S. m. (Jurisprudence) est celui qui est tenu de payer quelque chose en argent, grain, liqueur, ou autre espèce, soit en vertu d'un jugement ou d'un contrat écrit ou non, d'un quasi-contrat, délit ou quasi-délit.

Le débiteur est appelé dans les lois romaines debitor ou reus debendi, reus promittendi, et quelquefois reus simplement ; mais il faut prendre garde que ce mot reus quand il est seul, signifie quelquefois le coupable ou l'accusé. L'Ecriture défend au créancier de vexer son débiteur, et de l'opprimer par des usures. Exode xxij. Ve 25.

Ce précepte a cependant été bien mal pratiqué chez plusieurs nations ; chez les Juifs, par exemple, le créancier pouvait, faute de payement, faire emprisonner son débiteur, même le faire vendre, lui, sa femme, et ses enfants : le débiteur devenait en ce cas l'esclave de son créancier.

La loi des douze tables était encore plus sevère, car elle permettait de déchirer en pièces le débiteur, et d'en distribuer les membres aux créanciers, par forme de contribution au sol la livre. Cette loi leur donnait aussi l'option d'envoyer vendre leur débiteur comme esclaves hors du pays, et d'en partager le prix ; s'il n'y avait qu'un créancier, il ne pouvait ôter la vie à son débiteur, ni même la liberté qui lui était plus chère que la vie. On ne trouve même pas d'exemple que des créanciers aient été assez inhumains pour mettre en pièces leur débiteur, il se trouvait toujours quelqu'un des créanciers qui aimait mieux que le débiteur fût vendu que tué, pour en tirer de l'argent ; de sorte qu'il arrivait ordinairement que les créanciers se faisaient adjuger leurs débiteurs comme esclaves. Cet usage continua jusqu'à ce que le tribun Petilius fit réformer cette loi rigoureuse, et ordonner que le débiteur ne pourrait être adjugé comme esclave au créancier, ce qui fut renouvellé et amplifié 700 ans après par l'empereur Dioclétian, lequel prohiba totalement cette manière de servitude temporelle appelée nexus, dont il est parlé dans la loi ob oes alienum, codice de obligat. les créanciers avaient seulement toujours le pouvoir de retenir leurs débiteurs dans une prison publique jusqu'à ce qu'ils eussent payé.
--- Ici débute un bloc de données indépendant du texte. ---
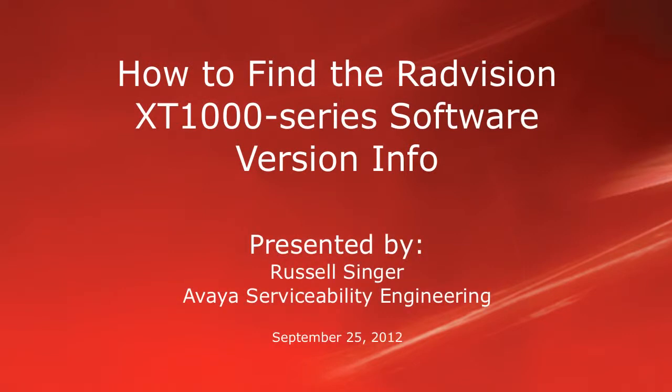Hello, my name is Russell Singer with the Avaya Serviceability Engineering team, and this video will demonstrate how to access the various software versions for your XT1000 series endpoint via the web browser.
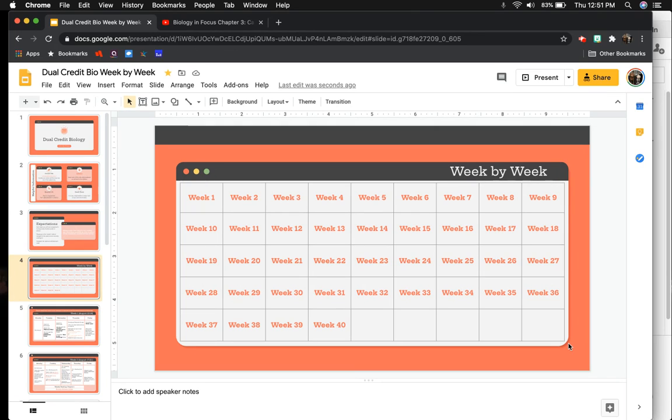I'm a teacher and professor, so I have a week-by-week schedule for all my different classes I teach, just to keep me organized and to keep them organized.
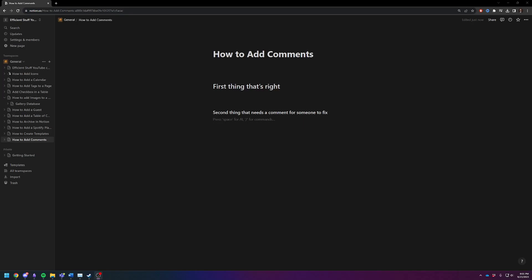Hey there, Adam here. Today I want to quickly and efficiently show you how to add comments to a Notion page.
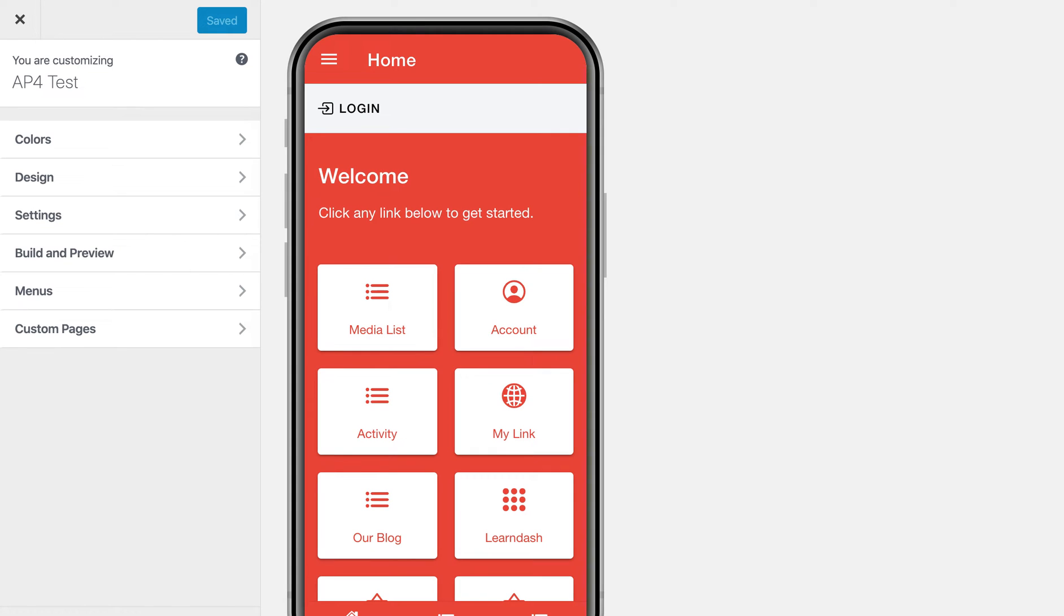With AppPressor, you can create a mobile app for your membership website that protects content based on whether someone is logged in or logged out.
Enfin Jules César touché de commisération pour les débiteurs malheureux, leur accorda le bénéfice de cession, afin qu'ils pussent se tirer de captivité en abandonnant tous leurs biens ; et afin qu'ils ne perdissent pas toute espérance de se rétablir à l'avenir, il ordonna que les biens qu'ils acquéreraient depuis la cession, ne pourraient leur être ôtés, qu'au cas qu'ils eussent au-delà de leur nécessaire.

Ainsi la peine de mort et la servitude étant abolies, il ne resta plus contre le débiteur que la contrainte par corps, dans les cas où l'on pouvait en user ; et le débiteur eut la triste ressource de faire cession, qui était toujours accompagnée d'une sorte d'ignominie, et suivie de la proclamation générale des biens du débiteur.

La contrainte par corps avait lieu chez les Romains contre le débiteur, lorsqu'il s'y était soumis ou qu'il y était condamné pour cause de stellionat : mais les lois veulent que le créancier ne soit point trop dur pour son débiteur ; qu'il ne poursuive point un homme moribond ; qu'il n'affecte rien pour faire outrage à son débiteur : elles veulent aussi que le débiteur ne soit pas trop délicat sur les poursuites que l'on fait contre lui ; elles regardent comme une injure faite à quelqu'un de l'avoir traité de débiteur lorsqu'il ne l'était pas ; ce qui ne doit néanmoins avoir lieu que quand la demande parait avoir été formée à dessein de faire injure, et qu'elle peut avoir fait tort au défendeur, par exemple, si c'est une personne constituée en dignité, ou un marchand auquel on ait voulu faire perdre son crédit.

Chez les Gaulois, les gens du peuple qui ne pouvaient pas payer leurs dettes, se donnaient en servitude aux nobles qui étaient leurs créanciers, lesquels acquéraient par-là sur eux les mêmes droits que les maîtres avaient sur leurs esclaves ; c'est ce que les Latins appelaient addicti homines.

En France nous ne suivons pas sur cette matière tous les principes du Droit romain.

Le débiteur ne peut pas s'obliger ni être condamné par corps, que dans les cas où cela est autorisé par les ordonnances. Voyez CONTRAINTE PAR CORPS.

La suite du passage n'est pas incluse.